Big data: what is the difference compared to data analysis?
The first question is the one that allows us to understand the novelty of this matter. What is the difference between Big Data and good analysis of old data and the statistics courses we organized in high school — and sometimes beyond?
In fact, the novelty comes from the Internet and the fact that all data is now produced instantly from all sides.
According to IBM, humankind produces 2.5 quintillion (25 billion billion) bits of data every day, eating, sleeping, playing, working, etc. This is equivalent to 2 stacks of DVDs placed one on top of the other whose height varies from the earth… to the moon! Knowing, therefore, that these DVDs contain everything from the texts we send, to the photos we take, to the data of all the machines that communicate with each other, which explains why data has become, in common language, so “big”.
And so, when people talk about this big data, they generally think about the fact that we are going to take a large part of this data, analyze it, and deduce something interesting.
In fact, it’s much more than that.
Big Data is much more than that.
Big Data also consists of:
- taking large amounts of data from different sources,
- using these data of very different types, produced at different rates without necessarily having to “translate” them into specific formats.
- storing this data so that it can be used simultaneously for a bunch of different analyses for different purposes.
- and doing all this very quickly, and sometimes even… in real-time.
At the very beginning, we talked about the 3V or VVV: volume (large quantities), variety (different types of data), and velocity (speed of processing).
Big Data vs. data warehouse
But what the acronym VVV did not put into perspective is this central innovation that means that data does not need to be systematically “transformed” to be analyzed.
This “non-destructive” processing meant that organizations could now analyze the same batches of data for different purposes and extract that data from sources that had themselves collected it for yet different purposes.
A new approach thus emerged, very different from what we knew at the time around data mining and data warehouses.
The classic data warehouse was designed for a specific use. Data was structured and converted into specific formats. The original data is necessarily destroyed in the process.
We were talking about the ETL process: “extract, transform, and load”.
The ETL approach is therefore limited to specific analyses for specific data. It was perfect if all your data existed in your transaction system. But it’s no longer so terrible when you know all the data that exists here and there in our hyper-connected world, producing all the quintillions of data mentioned above.
This is therefore one of the first things to learn in the world of Big Data: — look outside, ask what data is available outside the system — look at the data available to everyone, the famous open data — ask how we could connect them, cross them, what we would learn from these with the data we already have.
The end of data warehouses?
Don’t believe that Big Data makes data warehouses obsolete. Big Data systems lead you to work with unstructured data, but the type of query results you get is far from the sophistication of data warehouses.
The data warehouse is designed for in-depth data analysis, which is made possible precisely because the data has been transformed and planned in a specific format.
data warehouse providers have been working for years to optimize their search engines to meet the typical expectations of a specific business.

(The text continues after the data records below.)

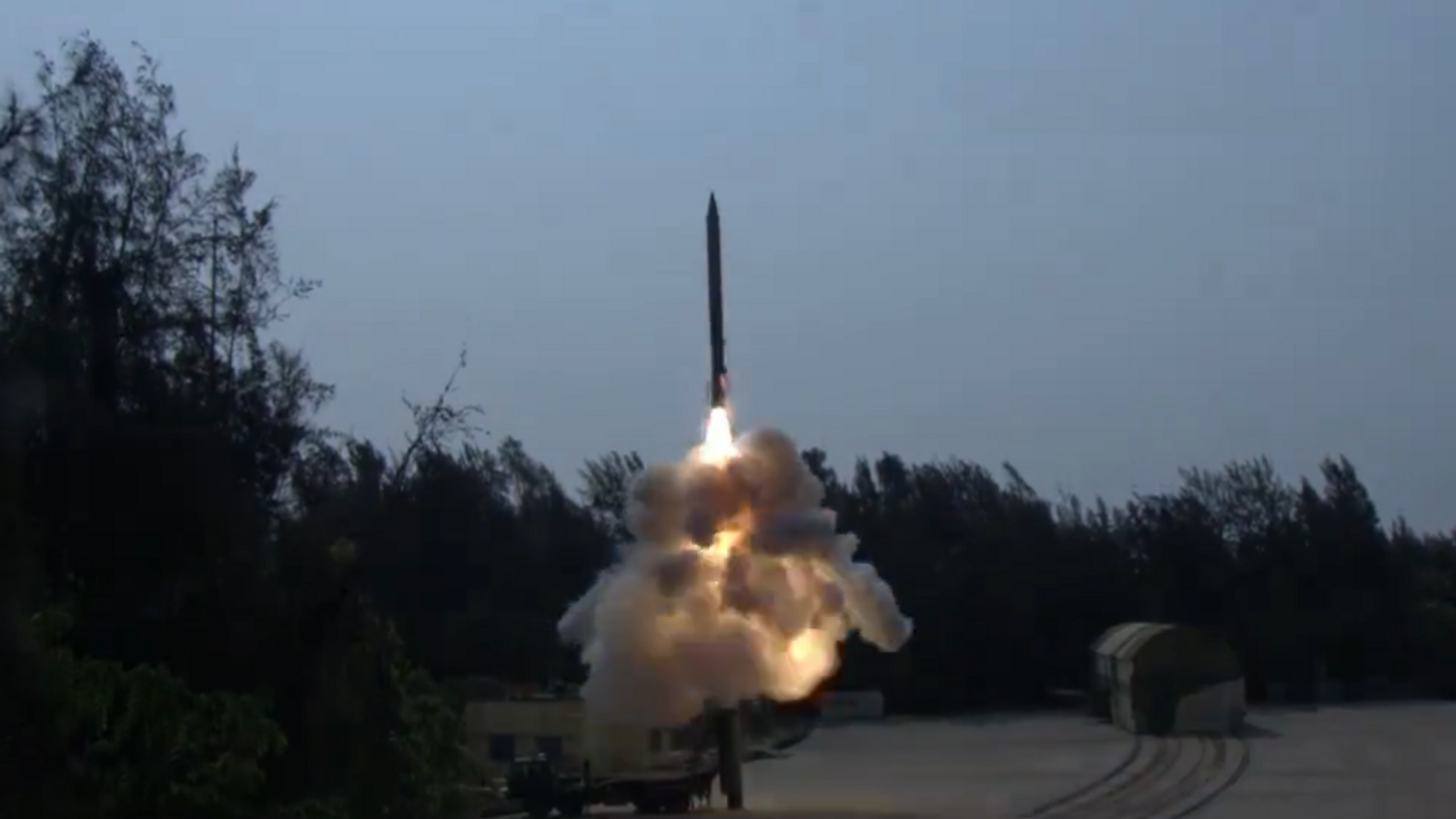 समुद्र में भी बढ़ी भारत की ताकत, एंटी सबमरीन सुपरसोनिक मिसाइल ‘SMART’का सफल परीक्षण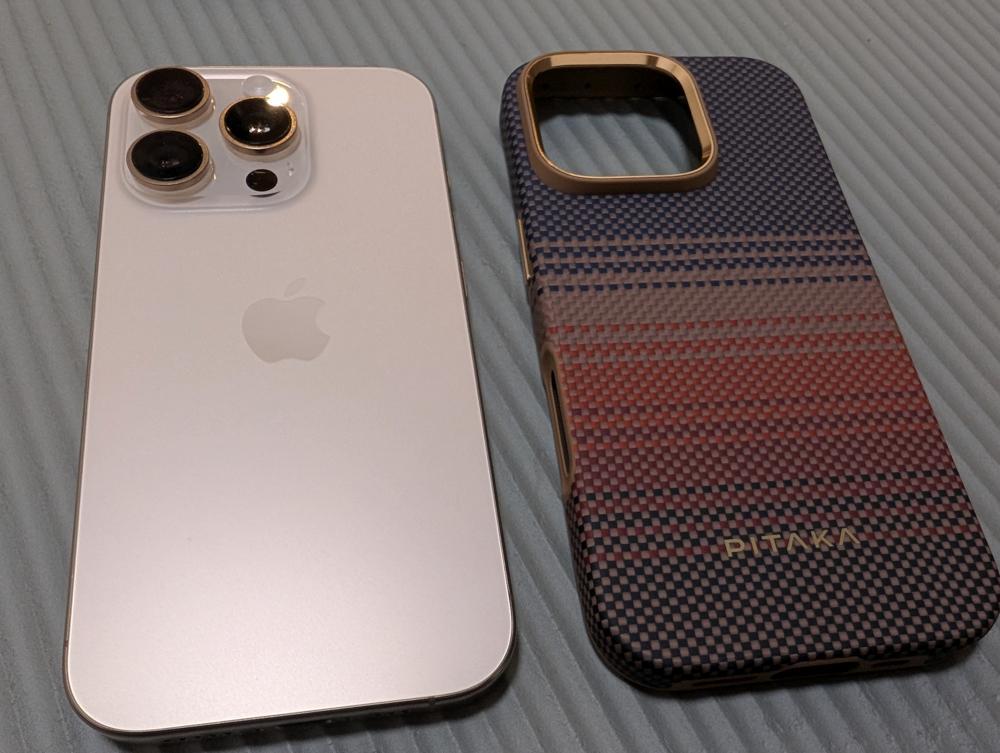 PITAKA iPhone 16 Pro 軍用グレード保護ケース SUNSET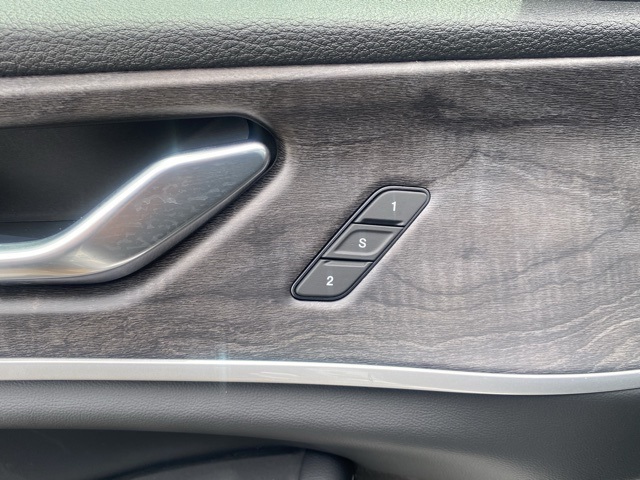 new 2025 Jeep Grand Cherokee L car, priced at $49,942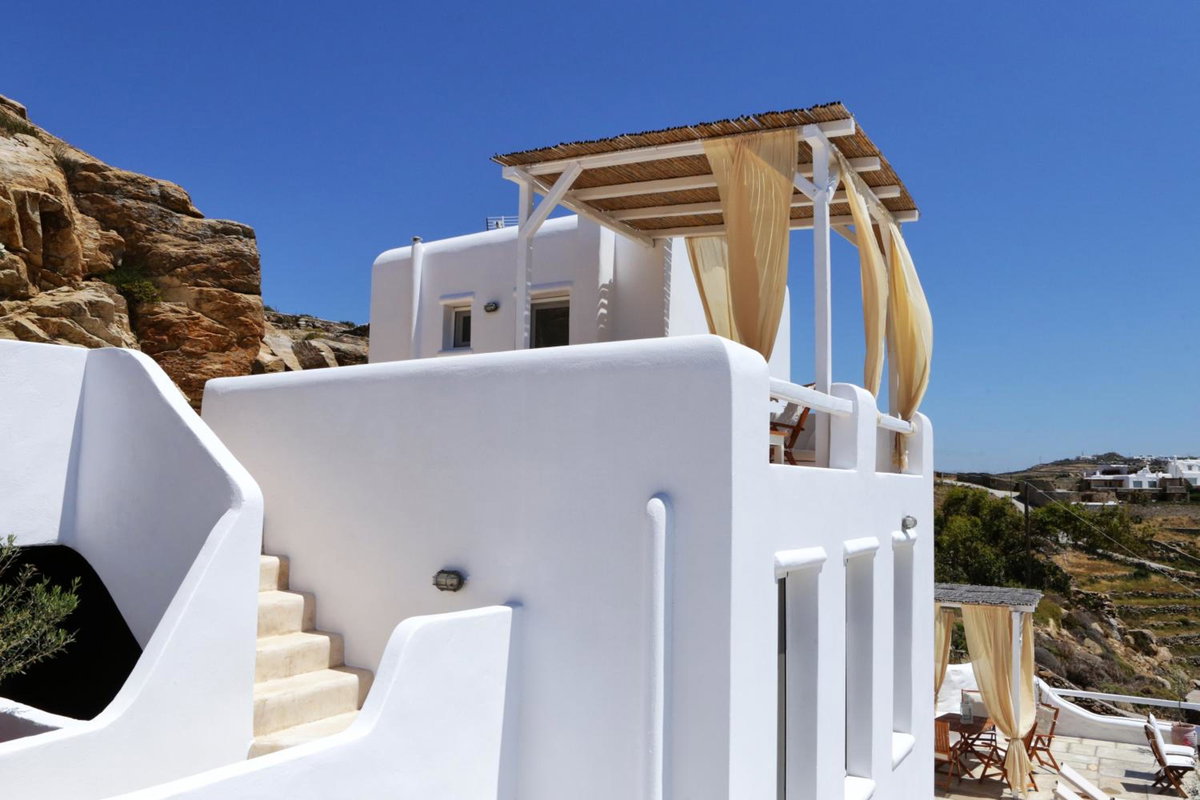 La Maison Blanche, Grèce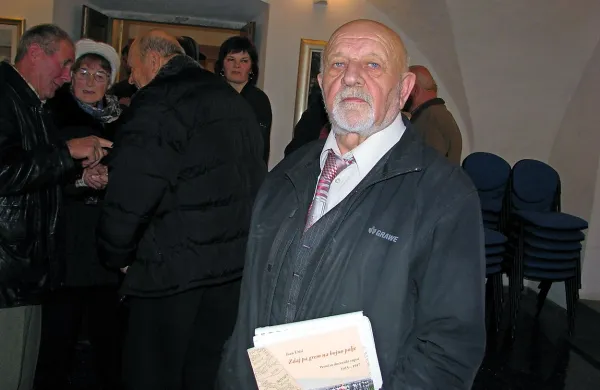 Stane Uršič s knjižico očetovih dnevniških zapisov in pesmi iz prve svetovne vojne. 
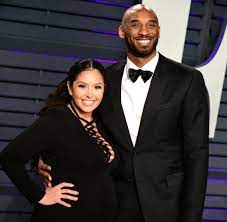 Kobe bryant, despite being one of the truly great basketball players of all time, was just getting started in life. Kobe Bryant Nba Legende Stirbt Bei Hubschrauberabsturz Welt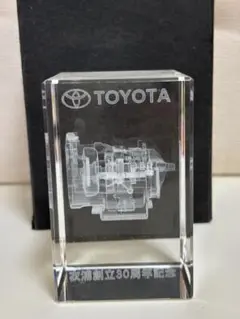 トヨタの衣浦工場創立30周年を記念して作られたクリスタル製の記念品箱付き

The
If you or your organization are a specialist in this area, do not feel left behind or overwhelmed. We are not exactly talking about the same thing.
Big Data allows you to analyze much more data from many sources, but with less fine resolution. The
Big Data is an impressionist world that will always need the hyperrealism of data warehouses.
That is why we are doomed to live with traditional data warehouses and the new style of processing called Big Data.
Big Data is therefore not about unlearning what you have learned from training in the data warehouse. The Data Scientist does not necessarily have to replace the Business Intelligence engineer.
Instead, it will be necessary for the company to raise the question of how to ensure that both mutually enrich each other. And that too must be learned and studied.
Technological breakthroughs behind Big Data
This is for the philosophical and organizational side.
But there is also the technological dimension. Again, Big Data is based on a revolution that needs to be understood. And to which it is necessary to adapt through ad hoc training and learning.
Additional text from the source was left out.